Autonomous scene exposure and exploration, especially in localization or communication-denied areas, useful for finding targets in unknown scenes, remains a challenging problem in computer navigation. In this work, we present a novel method for real-time environment exploration, whose only requirements are a visually similar dataset for pre-training, enough lighting in the scene, and an on-board forward-looking RGB camera for environmental sensing. As opposed to existing methods, our method requires only one look (image) to make a good tactical decision, and therefore works at a non-growing, constant time. Two direction predictions, characterized by pixels dubbed the Goto and Lookat pixels, comprise the core of our method. These pixels encode the recommended flight instructions in the following way: the Goto pixel defines the direction in which the agent should move by one distance unit, and the Lookat pixel defines the direction in which the camera should be pointing at in the next step.
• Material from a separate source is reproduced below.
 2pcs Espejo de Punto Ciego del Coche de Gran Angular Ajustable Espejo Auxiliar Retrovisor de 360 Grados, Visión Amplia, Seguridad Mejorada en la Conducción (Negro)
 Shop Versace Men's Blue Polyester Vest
These flying-instruction pixels are optimized to expose the largest amount of currently unexplored areas. Our method presents a novel deep learning-based navigation approach that is able to solve this problem and demonstrate its ability in an even more complicated setup, i.e., when computational power is limited. In addition, we propose a way to generate a navigation-oriented dataset, enabling efficient training of our method using RGB and depth images. Tests conducted in a simulator evaluating both the sparse pixels' coordinations inferring process, and 2D and 3D test flights aimed to unveil areas and decrease distances to targets achieve promising results. Comparison against a state-of-the-art algorithm shows our method is able to overperform it, that while measuring the new voxels per camera pose, minimum distance to target, percentage of surface voxels seen, and compute time metrics.